Question

Calculate all four second-order partial derivatives and confirm that the mixed partials are equal. f(x,y)= 2e^xy

Answer 1

ANSWER TO QUESTION 1

The given function is


`f(x,y)=2 {e}^(xy)`

The partial derivative of f with respect to x means we are treating y as a constant. The first derivative is


`f_(x) = 2y {e}^(xy)`

and the second derivative with respect to x is,


`f_(xx) = 2 {y}^(2) {e}^(xy)`

ANSWER TO QUESTION 2

The given function is


`f(x,y)=2 {e}^(xy)`

The partial derivative of f with respect to y means we are treating x as a constant. The first derivative is


`f_(y) = 2x{e}^(xy)`

and the second derivative with respect to y is


`f_(yy) = 2 {x}^(2) {e}^(xy)`

ANSWER TO QUESTION 3

Our first mixed partial is


`f_(xy)`

We need to differentiate

`f_(x) = 2y {e}^(xy)`
again. But this time with respect to y.

Since this is a product of two functions of y, we apply the product rule of differentiation to obtain,


`f_(xy) = 2y( {e}^(xy))' + ({e}^(xy))(2y)'`


`f_(xy) = 2xy {e}^(xy) + 2{e}^(xy)`

ANSWER TO QUESTION 4

The second mixed partial is


`f_(yx)`

We need to differentiate

`f_(y) = 2x{e}^(xy)`

again.
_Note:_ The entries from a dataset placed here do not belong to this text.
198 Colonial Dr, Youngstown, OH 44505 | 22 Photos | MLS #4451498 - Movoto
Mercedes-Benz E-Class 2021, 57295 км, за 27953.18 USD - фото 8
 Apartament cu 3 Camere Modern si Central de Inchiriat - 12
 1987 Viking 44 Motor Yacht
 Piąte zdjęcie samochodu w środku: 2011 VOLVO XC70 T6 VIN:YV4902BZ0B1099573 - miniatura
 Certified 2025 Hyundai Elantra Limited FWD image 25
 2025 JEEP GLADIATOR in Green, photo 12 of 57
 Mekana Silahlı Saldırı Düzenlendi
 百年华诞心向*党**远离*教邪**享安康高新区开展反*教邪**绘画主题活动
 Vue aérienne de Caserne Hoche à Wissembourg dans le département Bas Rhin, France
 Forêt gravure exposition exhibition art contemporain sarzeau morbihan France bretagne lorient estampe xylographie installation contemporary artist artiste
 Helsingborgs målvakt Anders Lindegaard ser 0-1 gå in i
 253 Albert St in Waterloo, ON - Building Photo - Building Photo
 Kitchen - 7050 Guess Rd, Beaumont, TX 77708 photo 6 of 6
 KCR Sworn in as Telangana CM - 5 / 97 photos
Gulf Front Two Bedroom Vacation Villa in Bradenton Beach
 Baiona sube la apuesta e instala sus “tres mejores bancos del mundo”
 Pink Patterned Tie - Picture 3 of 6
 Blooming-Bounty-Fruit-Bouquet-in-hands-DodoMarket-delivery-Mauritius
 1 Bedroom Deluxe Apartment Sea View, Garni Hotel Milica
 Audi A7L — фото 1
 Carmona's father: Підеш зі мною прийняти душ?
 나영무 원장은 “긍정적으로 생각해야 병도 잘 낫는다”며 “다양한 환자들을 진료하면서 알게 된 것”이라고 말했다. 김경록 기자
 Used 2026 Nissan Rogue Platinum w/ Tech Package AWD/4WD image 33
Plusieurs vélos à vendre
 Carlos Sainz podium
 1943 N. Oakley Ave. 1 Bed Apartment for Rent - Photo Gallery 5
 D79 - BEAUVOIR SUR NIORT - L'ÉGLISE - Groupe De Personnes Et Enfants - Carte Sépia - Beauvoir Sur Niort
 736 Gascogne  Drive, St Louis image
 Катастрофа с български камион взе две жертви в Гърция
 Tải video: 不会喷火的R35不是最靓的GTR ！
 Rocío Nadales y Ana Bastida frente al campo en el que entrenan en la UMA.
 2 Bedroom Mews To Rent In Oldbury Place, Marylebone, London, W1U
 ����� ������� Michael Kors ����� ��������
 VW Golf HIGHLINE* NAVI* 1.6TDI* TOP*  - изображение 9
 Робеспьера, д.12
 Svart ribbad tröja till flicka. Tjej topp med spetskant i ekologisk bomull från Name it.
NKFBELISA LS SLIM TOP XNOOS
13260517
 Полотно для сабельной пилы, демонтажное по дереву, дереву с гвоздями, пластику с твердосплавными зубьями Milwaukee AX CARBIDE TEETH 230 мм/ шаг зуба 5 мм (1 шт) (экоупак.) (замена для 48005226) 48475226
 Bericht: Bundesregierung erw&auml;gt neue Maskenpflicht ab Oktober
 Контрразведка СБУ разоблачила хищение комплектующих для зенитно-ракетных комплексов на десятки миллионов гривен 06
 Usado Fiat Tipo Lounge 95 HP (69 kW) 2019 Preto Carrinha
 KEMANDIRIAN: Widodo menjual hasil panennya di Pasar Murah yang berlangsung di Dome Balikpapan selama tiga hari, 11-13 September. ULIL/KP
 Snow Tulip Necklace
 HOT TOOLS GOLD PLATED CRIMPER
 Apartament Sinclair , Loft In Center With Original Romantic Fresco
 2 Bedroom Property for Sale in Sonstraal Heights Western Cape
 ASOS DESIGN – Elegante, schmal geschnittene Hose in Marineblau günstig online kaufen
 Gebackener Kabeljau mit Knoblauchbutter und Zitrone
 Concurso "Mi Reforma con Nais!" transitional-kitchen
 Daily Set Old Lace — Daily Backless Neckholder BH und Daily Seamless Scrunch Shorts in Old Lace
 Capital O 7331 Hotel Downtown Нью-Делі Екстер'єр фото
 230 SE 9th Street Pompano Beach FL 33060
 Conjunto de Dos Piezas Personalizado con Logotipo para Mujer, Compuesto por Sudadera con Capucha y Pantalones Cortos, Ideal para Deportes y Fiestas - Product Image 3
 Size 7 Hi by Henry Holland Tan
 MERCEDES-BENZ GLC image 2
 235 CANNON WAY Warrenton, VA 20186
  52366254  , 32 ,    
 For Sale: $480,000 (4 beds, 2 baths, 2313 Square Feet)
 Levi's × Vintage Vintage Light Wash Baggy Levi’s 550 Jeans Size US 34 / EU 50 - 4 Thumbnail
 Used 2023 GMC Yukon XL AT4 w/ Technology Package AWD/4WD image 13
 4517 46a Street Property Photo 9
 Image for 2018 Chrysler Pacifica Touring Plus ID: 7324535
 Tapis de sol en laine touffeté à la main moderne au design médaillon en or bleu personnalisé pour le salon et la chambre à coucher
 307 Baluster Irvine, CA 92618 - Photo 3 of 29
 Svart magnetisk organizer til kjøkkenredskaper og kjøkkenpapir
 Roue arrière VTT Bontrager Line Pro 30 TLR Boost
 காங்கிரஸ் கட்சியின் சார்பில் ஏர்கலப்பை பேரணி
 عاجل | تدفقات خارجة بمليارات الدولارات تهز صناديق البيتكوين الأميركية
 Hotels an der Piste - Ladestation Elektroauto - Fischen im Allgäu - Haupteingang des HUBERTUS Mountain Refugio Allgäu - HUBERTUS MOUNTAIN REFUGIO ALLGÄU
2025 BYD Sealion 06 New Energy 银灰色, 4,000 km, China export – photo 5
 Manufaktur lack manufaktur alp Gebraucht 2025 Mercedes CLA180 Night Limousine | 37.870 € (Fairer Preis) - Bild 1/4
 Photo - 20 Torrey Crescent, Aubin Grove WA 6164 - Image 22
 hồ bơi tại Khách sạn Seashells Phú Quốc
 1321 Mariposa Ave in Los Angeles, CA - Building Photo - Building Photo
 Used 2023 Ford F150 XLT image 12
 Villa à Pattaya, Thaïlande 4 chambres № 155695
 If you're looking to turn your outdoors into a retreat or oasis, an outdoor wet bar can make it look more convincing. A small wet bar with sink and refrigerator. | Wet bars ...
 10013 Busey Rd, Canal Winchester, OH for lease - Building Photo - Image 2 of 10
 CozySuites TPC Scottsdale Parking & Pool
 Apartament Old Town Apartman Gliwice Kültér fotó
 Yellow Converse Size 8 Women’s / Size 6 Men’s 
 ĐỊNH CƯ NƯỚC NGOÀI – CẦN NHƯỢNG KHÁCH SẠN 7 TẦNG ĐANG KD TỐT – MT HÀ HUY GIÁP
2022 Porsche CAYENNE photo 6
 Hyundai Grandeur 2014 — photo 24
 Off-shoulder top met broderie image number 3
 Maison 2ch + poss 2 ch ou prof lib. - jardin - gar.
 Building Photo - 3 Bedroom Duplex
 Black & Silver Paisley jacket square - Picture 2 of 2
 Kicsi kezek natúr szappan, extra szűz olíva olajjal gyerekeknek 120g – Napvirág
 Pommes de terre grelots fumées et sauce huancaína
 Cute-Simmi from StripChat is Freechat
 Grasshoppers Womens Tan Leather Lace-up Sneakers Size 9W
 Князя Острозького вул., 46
But this time with respect to x.

Since this is a product of two functions of x, we apply the product rule of differentiation to obtain,



`f_(yx) = 2x({e}^(xy))' + ({e}^(xy))(2x)'`


`f_(yx) = 2xy {e}^(xy) + 2{e}^(xy)`

Hence,


`f_(xy) = 2xy {e}^(xy) + 2{e}^(xy) =f_(yx)`